- _WHAT THE EXERCISE ASKS_
Transcribe each record exactly; skip any picture.

Scraped caption text data
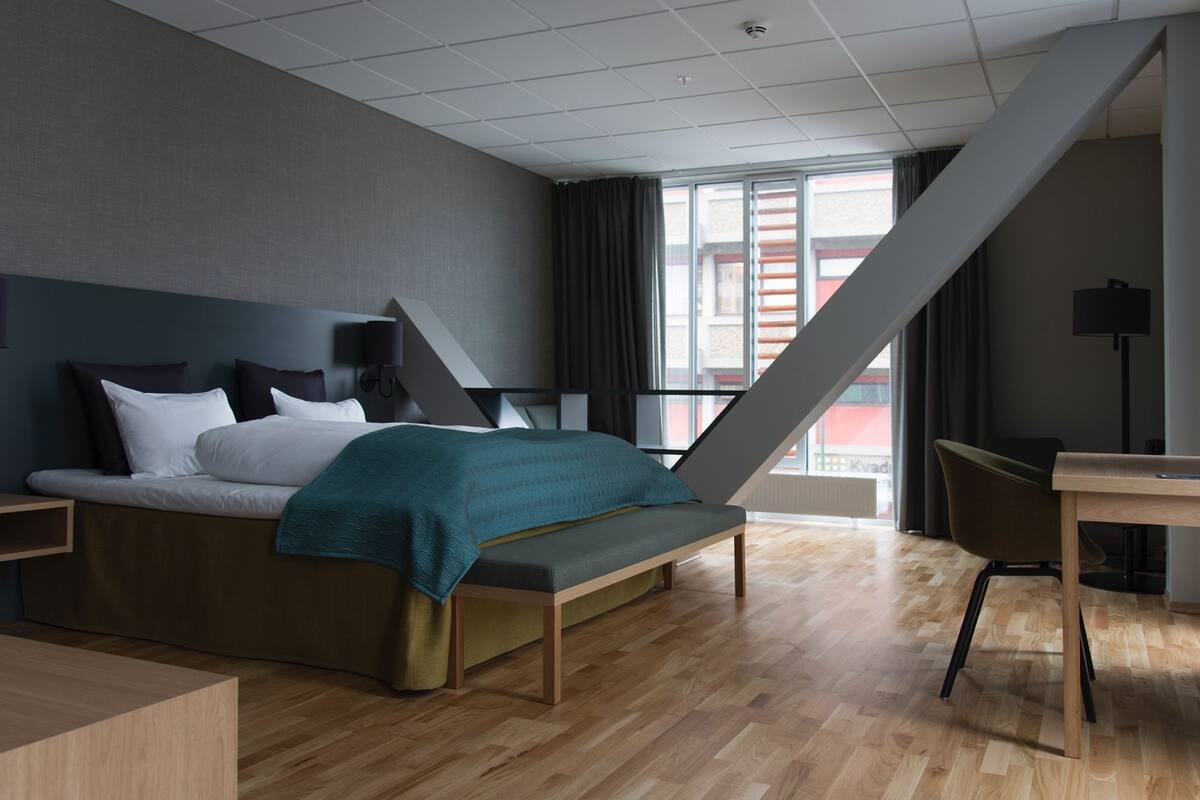 A modern hotel room with a bed, a desk, and a view of the outside.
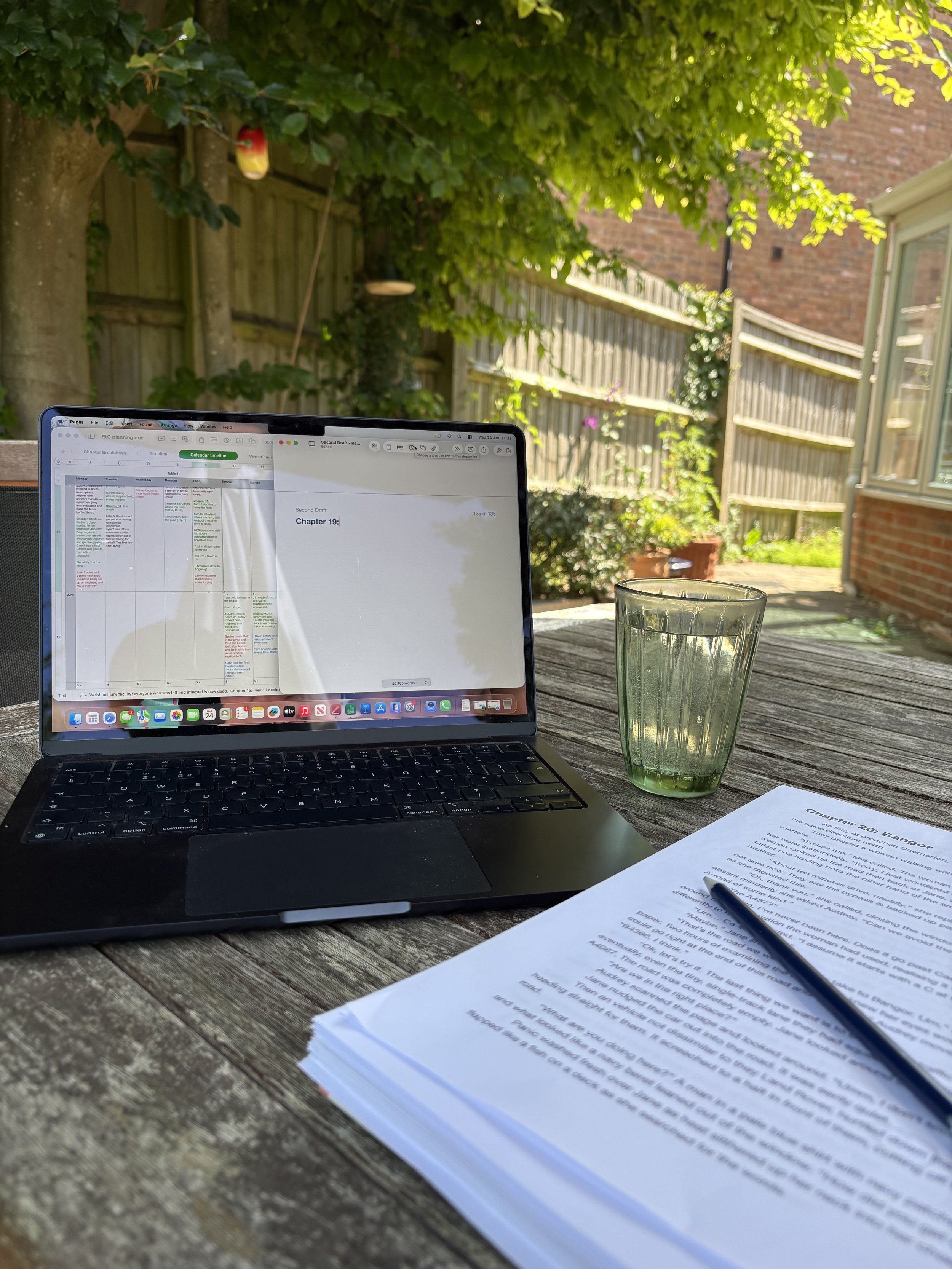 On an outdoor table in the shade of a garden there's a printed manuscript and pencil beside an open laptop; on the screen is a spreadsheet (unreadable) and an open, blank doc with "Chapter 19" at the top.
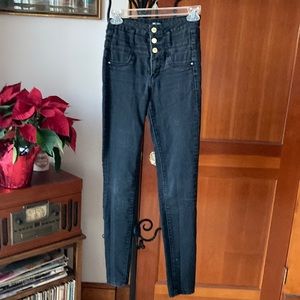 Faded black skinny jeans by Refuge.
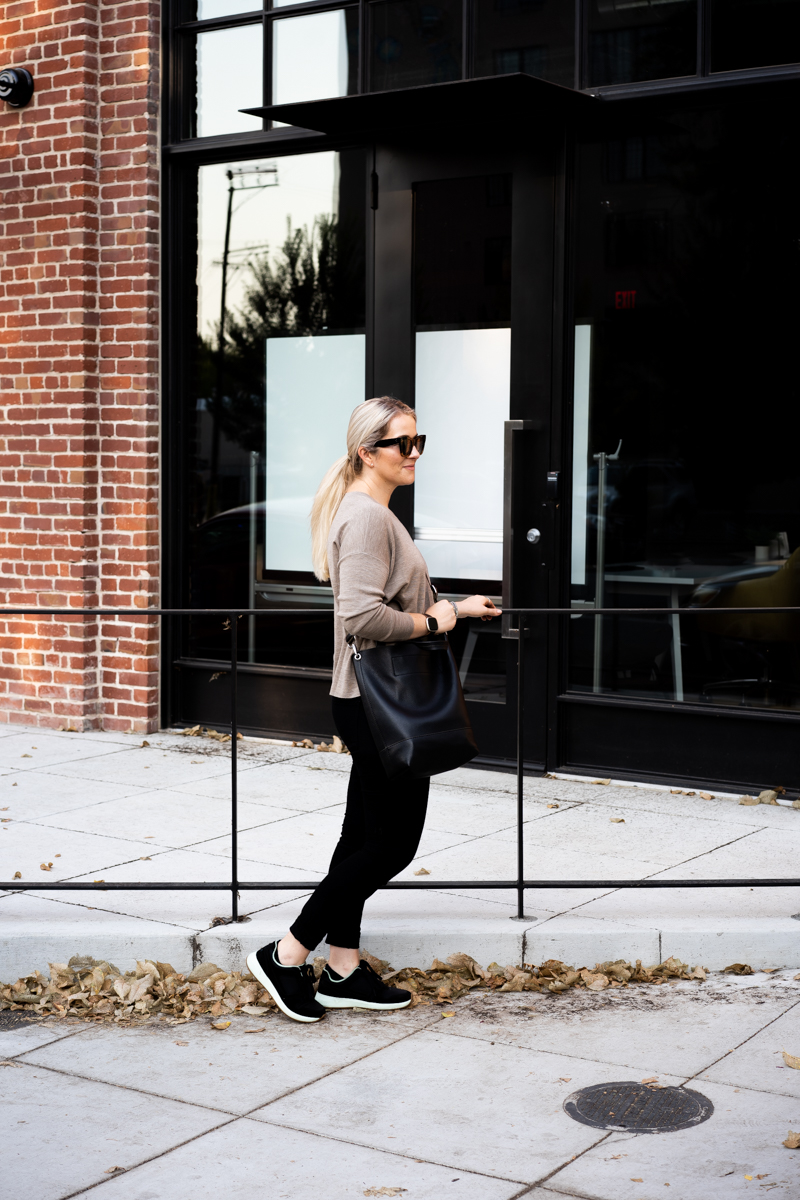 Walking Fall Travel Outfits - Eileen Fisher Sweater + Black Jeans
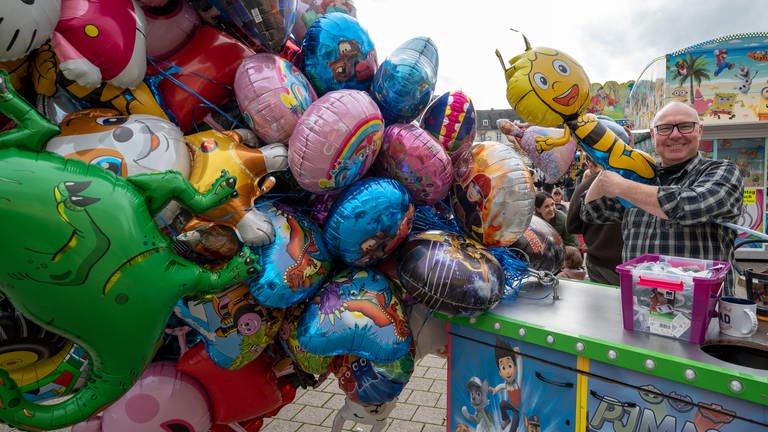 Mitveranstalter Thorsten Dierichs füllt einen Motivballon bei der Kirmes "Allerheiligenmesse" auf dem Viehmarktplatz in Trier (Foto: dpa Bildfunk, picture alliance/dpa | Harald Tittel)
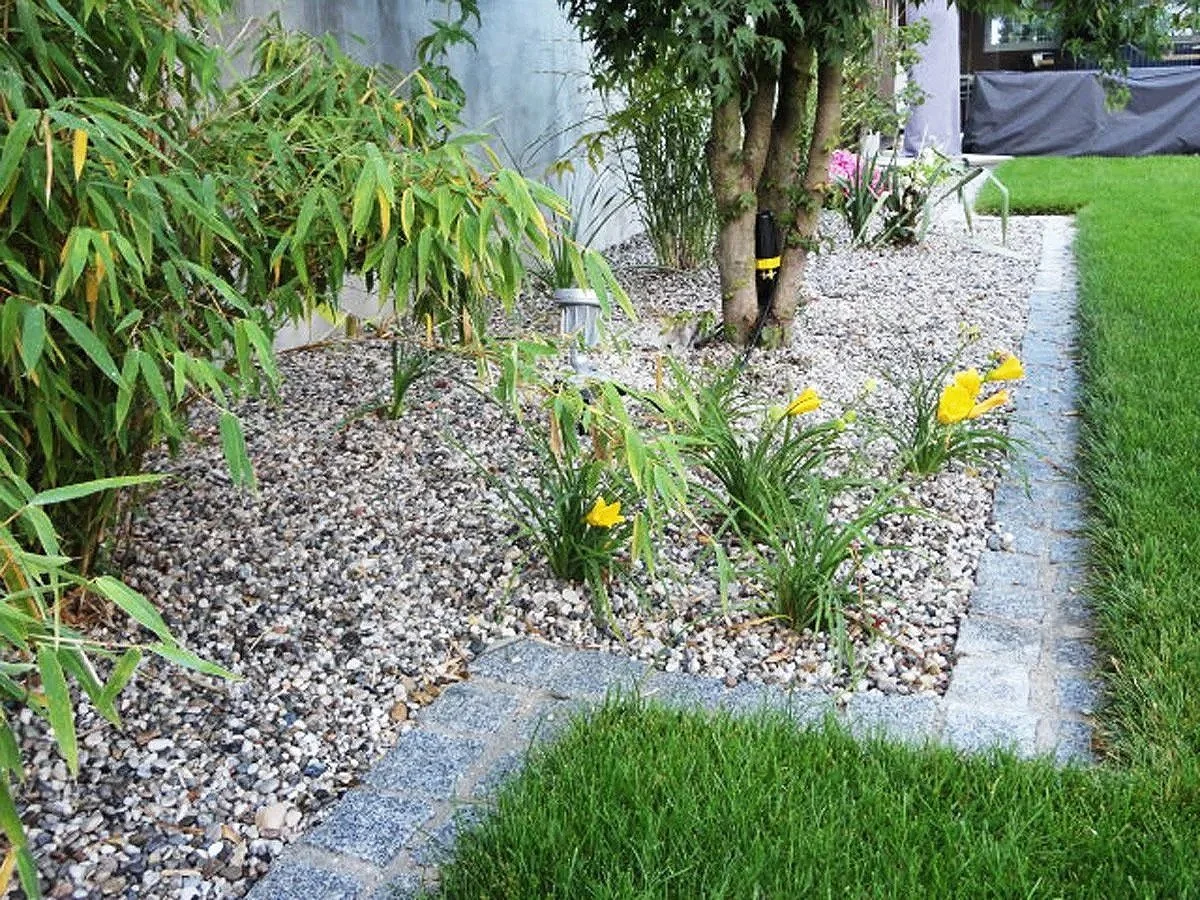 Garten mit Kieselsteinbedeckung, grünem Rasen, kleinen Büschen, bunten Blumen und einem Baum.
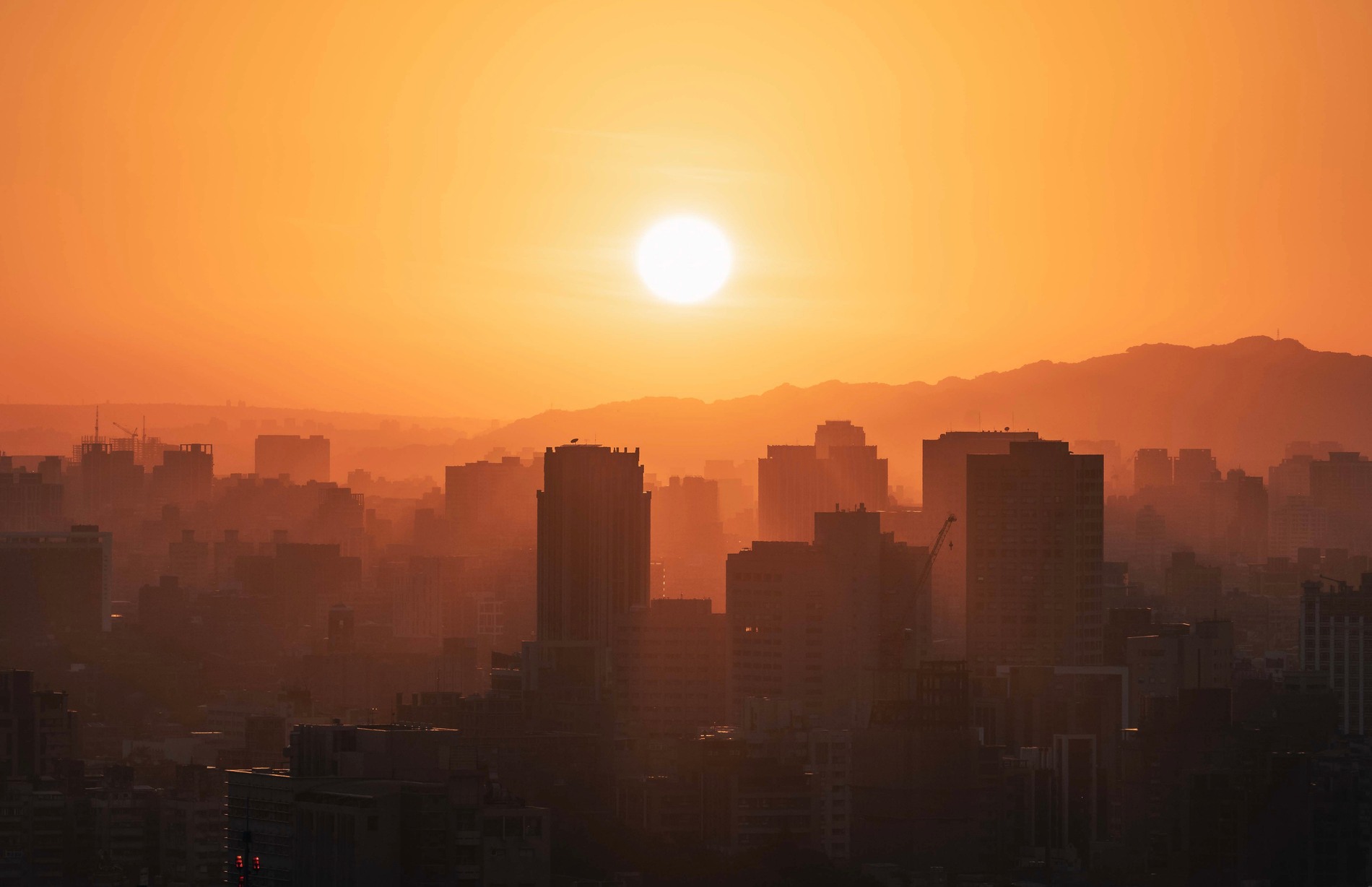 Urban city skyline at sunset covered in heavy smog and air pollution. Silhouetted high-rise buildings under orange sky with visible haze and atmospheric pollution. Concept of climate change, global warming, environmental crisis, heatwave, urban density and air quality issues.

- _EXPECTED OUTPUT_
 A modern hotel room with a bed, a desk, and a view of the outside.
 On an outdoor table in the shade of a garden there's a printed manuscript and pencil beside an open laptop; on the screen is a spreadsheet (unreadable) and an open, blank doc with "Chapter 19" at the top.
 Faded black skinny jeans by Refuge.
 Walking Fall Travel Outfits - Eileen Fisher Sweater + Black Jeans
 Mitveranstalter Thorsten Dierichs füllt einen Motivballon bei der Kirmes "Allerheiligenmesse" auf dem Viehmarktplatz in Trier (Foto: dpa Bildfunk, picture alliance/dpa | Harald Tittel)
 Garten mit Kieselsteinbedeckung, grünem Rasen, kleinen Büschen, bunten Blumen und einem Baum.
 Urban city skyline at sunset covered in heavy smog and air pollution. Silhouetted high-rise buildings under orange sky with visible haze and atmospheric pollution. Concept of climate change, global warming, environmental crisis, heatwave, urban density and air quality issues.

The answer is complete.